Write out, as an exact transcription, the line that has "foundational work" and each line after it through the end of the data below.

Records from a collection:
BEGIN
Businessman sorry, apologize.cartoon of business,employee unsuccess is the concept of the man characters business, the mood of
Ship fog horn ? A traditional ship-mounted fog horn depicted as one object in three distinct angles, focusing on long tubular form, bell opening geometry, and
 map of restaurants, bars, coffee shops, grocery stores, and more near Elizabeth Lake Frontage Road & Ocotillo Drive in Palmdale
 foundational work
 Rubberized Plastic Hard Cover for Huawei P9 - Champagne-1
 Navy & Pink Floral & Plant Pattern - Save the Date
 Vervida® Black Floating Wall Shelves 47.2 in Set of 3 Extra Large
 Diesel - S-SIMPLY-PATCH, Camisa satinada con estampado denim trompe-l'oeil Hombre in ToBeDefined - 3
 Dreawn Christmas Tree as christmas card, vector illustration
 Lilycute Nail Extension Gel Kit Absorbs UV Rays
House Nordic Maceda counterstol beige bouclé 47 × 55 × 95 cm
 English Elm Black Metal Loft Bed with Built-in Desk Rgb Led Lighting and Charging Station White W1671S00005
END
Result of this task |
 foundational work
 Rubberized Plastic Hard Cover for Huawei P9 - Champagne-1
 Navy & Pink Floral & Plant Pattern - Save the Date
 Vervida® Black Floating Wall Shelves 47.2 in Set of 3 Extra Large
 Diesel - S-SIMPLY-PATCH, Camisa satinada con estampado denim trompe-l'oeil Hombre in ToBeDefined - 3
 Dreawn Christmas Tree as christmas card, vector illustration
 Lilycute Nail Extension Gel Kit Absorbs UV Rays
House Nordic Maceda counterstol beige bouclé 47 × 55 × 95 cm
 English Elm Black Metal Loft Bed with Built-in Desk Rgb Led Lighting and Charging Station White W1671S00005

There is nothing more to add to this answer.